Love your neighbor, Jesus urged, as you love yourself. (Which, as C. S. Lewis pointed out, is a pretty sick command if we are to hate ourselves.) How you handle people is the second great test of your character.
Again, Jesus is cutting through both all the complexity and our dodging by helping us focus on our motives. It’s pretty hard to be a racist and still love that person. It’s pretty hard to hold bitterness in your heart and still love that person. So here, too, we find a profound rescue. Wherever it is we find ourselves struggling, we begin to choose love; in our hearts we begin to reaffirm our love for this human being. I find myself wanting to get irritated and judge: Jesus, help me love this person. I find myself wanting to envy: Jesus, help me love this person. As we allow love in, it flushes an awful lot of other stuff out.

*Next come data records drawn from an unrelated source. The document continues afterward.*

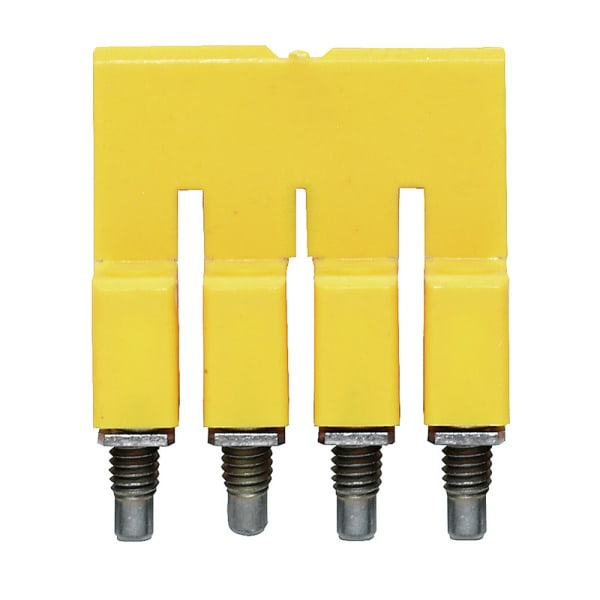 WEIDMÜLLER - Querverbinder, geschraubt, Pole:4, Raster 5.1mm, Isoliert, 32A, gelb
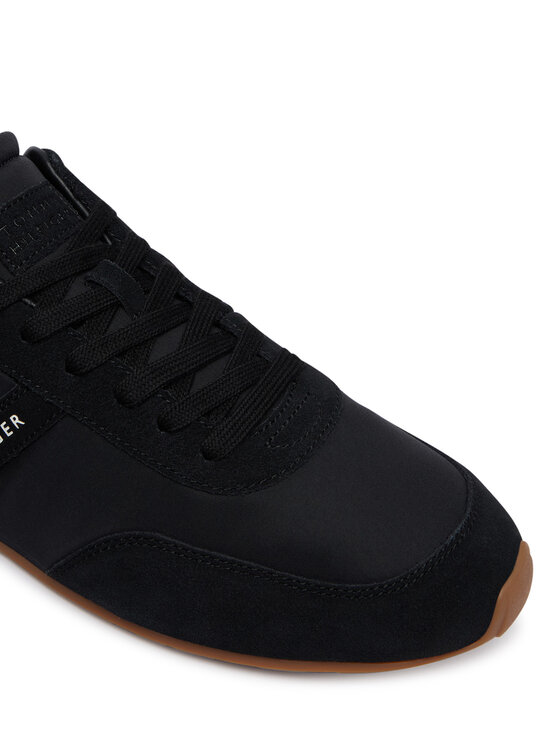 Tommy Hilfiger Sneakersy Tommy Hilfiger Th Lo Run Icon Summer Mix FM0FM05905 Černá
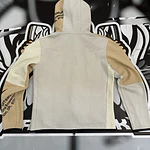 Nike Sportswear Tech Fleece Printed Full-Zip Hoodie Light Bone USED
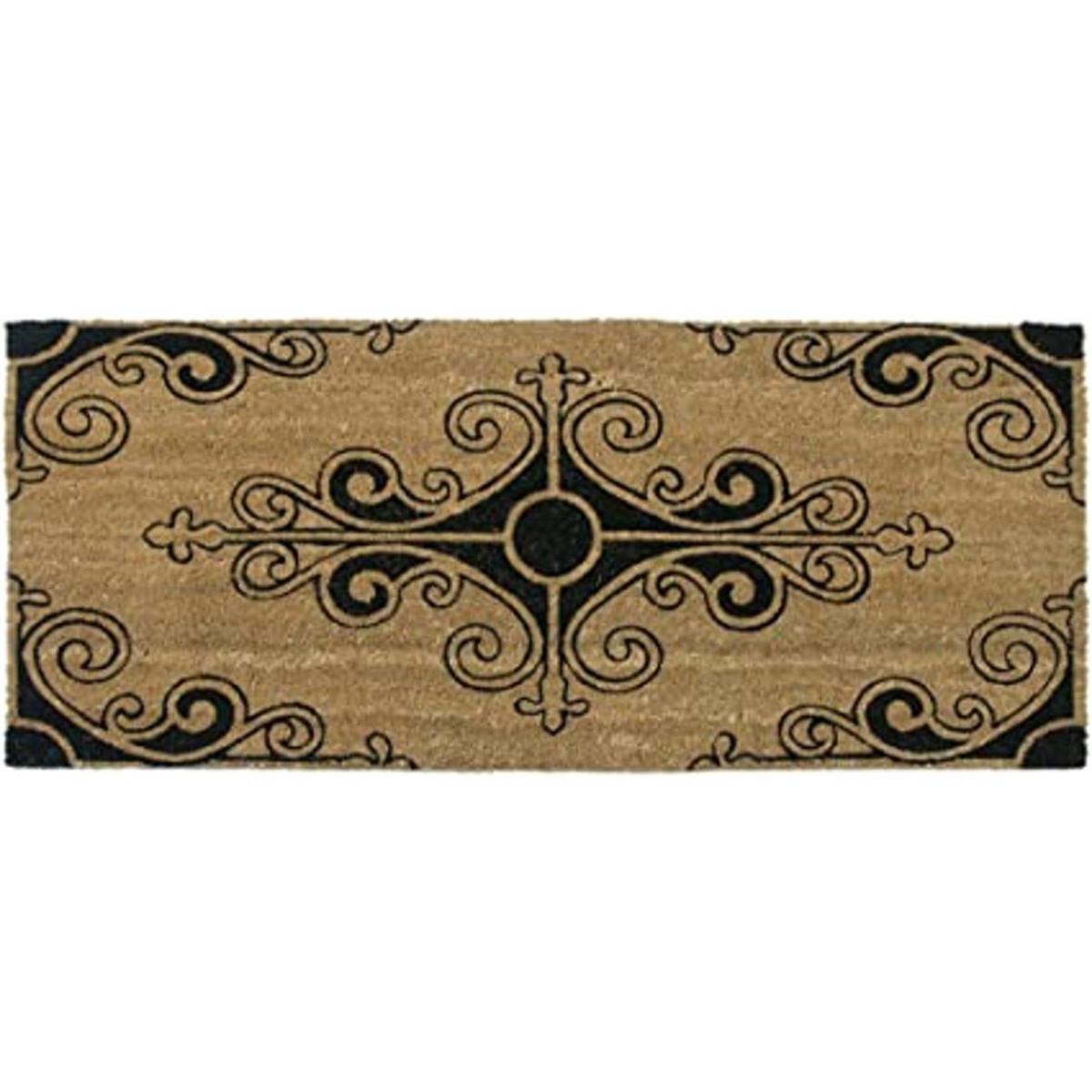 RubberCal. Traditional Fleur de Lis French Mat. Tapete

“Do not murder,” the Bible says, but what about dismissal? I write people off far too quickly, and it is not good. What difference is there between dismissal and murder, really? Aren’t I basically saying, “I don’t want your existence — not in my orbit, not in my universe. You’re gone, you’re out of here.” James tells us, “Don’t show favorites.” Maybe we don’t have favorites, but we withhold praise, we withhold love, we withhold affection, we parcel it out based on all kinds of other motives than love. Most often it is based on how they are treating me, what they can do for me.